Una breve menzione (in attesa di approfondire questo argomento) la voglio fare pensando ai bambini e agli adolescenti e ai loro genitori: in tutte le fasi della vita si possono passare dei momenti difficili e questo può avere ripercussioni sull’umore, sull’alimentazione, sul sonno, sul rendimento scolastico, sulla vita sociale dei bambini e degli adolescenti.
In alcuni casi le difficoltà sono collegate a momenti difficili che la famiglia (discussioni, separazioni, lutti, malattie) stessa vive, oppure sono collegate a difficoltà scolastiche o di socializzazione del bambino o adolescente.
In altri casi ancora i genitori possono nutrire dei dubbi anche sulla crescita del bambino e possono accorgersi di alcune "cose che non vanno": anche in questo caso come psicologa posso offrire il mio contributo nel capire e definire la natura del problema presentato.
I genitori, gli amici, le insegnanti e anche il pediatra di base sono delle importanti risorse nella vita dei bambini e degli adolescenti e spesso tutte queste figure contribuiscono in modo efficace alla risoluzione in breve tempo dei problemi dei bambini o adolescenti, tuttavia può essere importante in momenti particolarmente difficili che il genitore stesso si rivolga allo psicologo per chiedere un aiuto nel caso si accorga che il disagio di un figlio abbia una lunga durata o nel caso abbia il dubbio che le difficoltà manifestate possano avere delle ripercussioni importanti sulla vita del figlio e della famiglia.

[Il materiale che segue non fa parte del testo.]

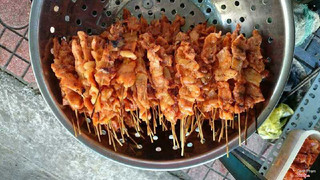 Thịt nướng xiên 2k/xiên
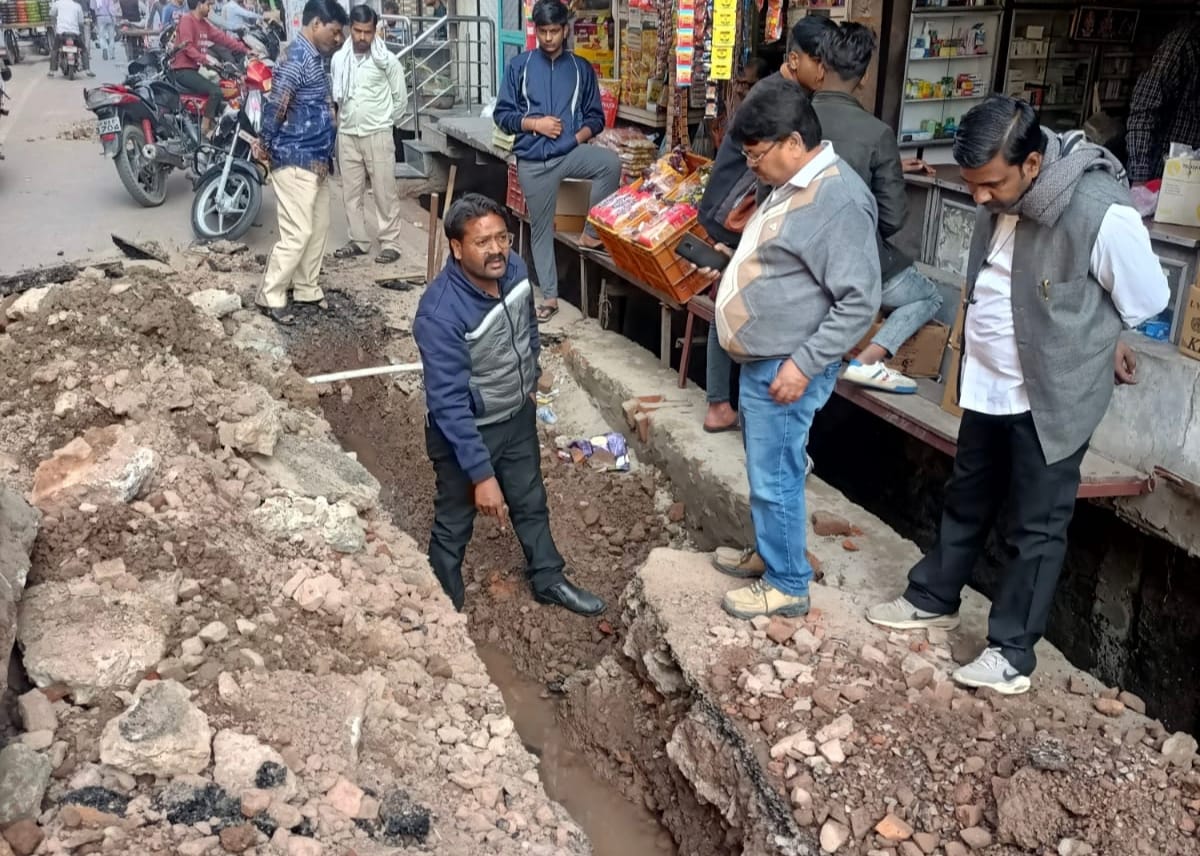 pipe line busted, water wastage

Anche il genitore stesso può trovarsi in difficoltà nell’educazione dei figli, si può sentire spaesato o in crisi non sapendo come agire: posso offrire un aiuto anche ai genitori qualora si trovino in una di queste situazioni, affinchè ritrovino le proprie risorse per essere accanto nel modo che vogliono ai propri figli.

lunedì 23 agosto 2010

Cos'è la depressione

La Depressione è caratterizzata principalmente da un’alterazione dell’umore, quindi da un avvilimento della mente e del corpo della persona che sperimenta sentimenti di tristezza, vergogna, senso di colpa e perdita di interesse generale. 

E' uno stato d'animo persistente nel tempo che può generare una compromissione più o meno grave della vita della persona che ne soffre: infatti si verifica una perdita di interesse o piacere nello svolgere le attività quotidiane. La persona, infatti, può presentare difficoltà a svolgere il suo lavoro, a prendersi cura di sè e inoltre problemi nella sfera del sonno, dell'alimentazione e in quella sessuale.

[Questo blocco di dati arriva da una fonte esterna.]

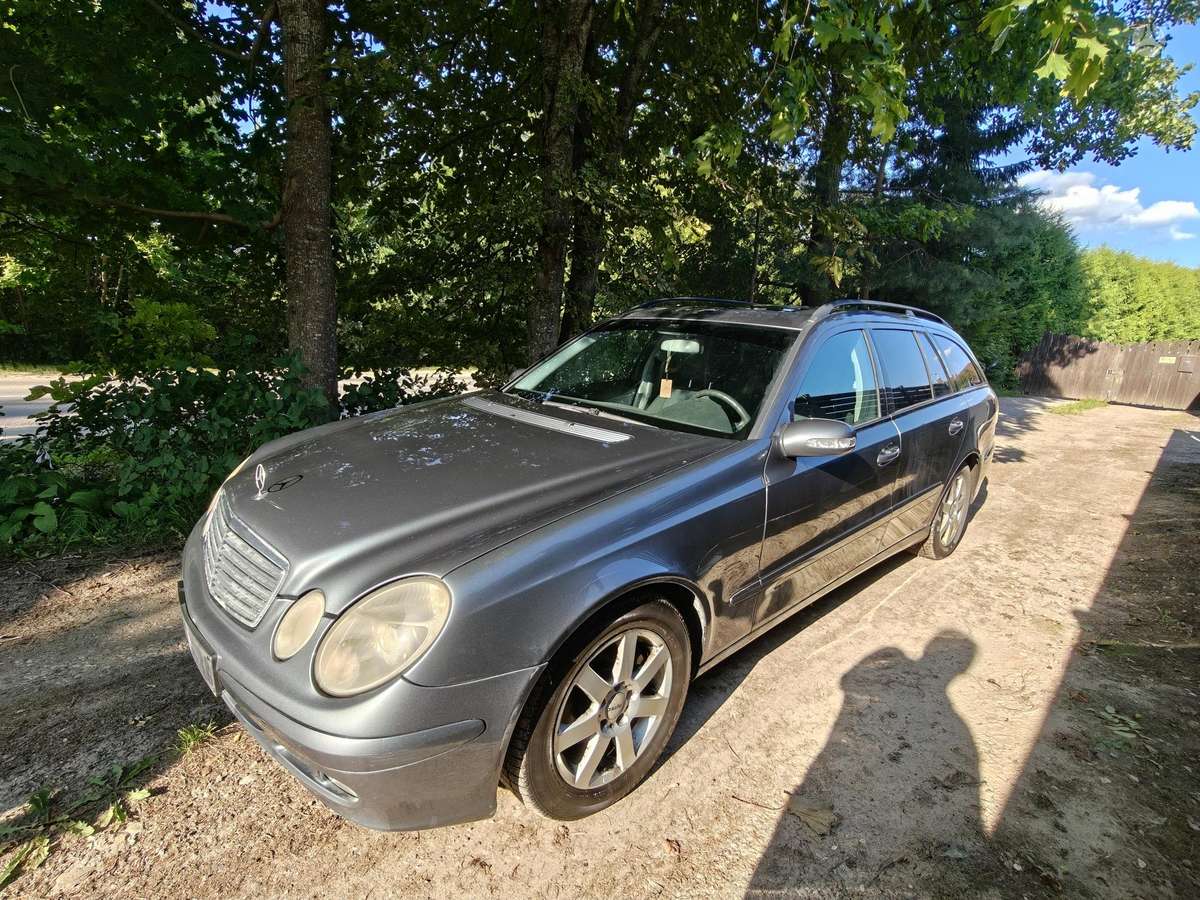 Mercedes-Benz E200, 2.2 l., wagon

La condizione di sofferenza, può compromettere anche la sfera affettiva (sentimenti di tristezza, disperazione, rabbia, sensi di colpa) della persona e quella cognitiva, poichè i pensieri della persona rimangono rigidamente bloccati in una visione pessimistica del mondo e di sè.
La percezione di sé viene compromessa al punto di generare sensazioni di inadeguatezza e scarso valore: spesso ciò si associa anche ad una difficoltà nelle relazioni con gli altri con la conseguenza di una chiusura in se stessi.

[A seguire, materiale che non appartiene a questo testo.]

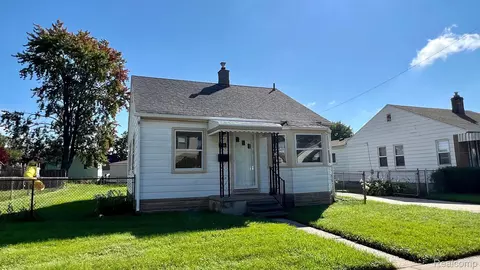 2291 Cora St, Wyandotte, MI 48192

La depressione può essere affrontata e superata:

è importante rivolgersi a personale esperto nell'intervento psicologico, poichè esso, attraverso l’accoglienza e l’accettazione della persona e mirando alla costruzione di un delicato e adeguato percorso di supporto, può promuovere nella persona la riscoperta di un nuovo slancio motivazionale e quindi la guarigione.

Inoltre in alcuni casi di depressione, può essere necessario affiancare alla terapia psicologica un apporto farmacologico per affrontare efficacemente i momenti maggiormente critici della malattia e poter meglio usufruire del contributo dello psicologo.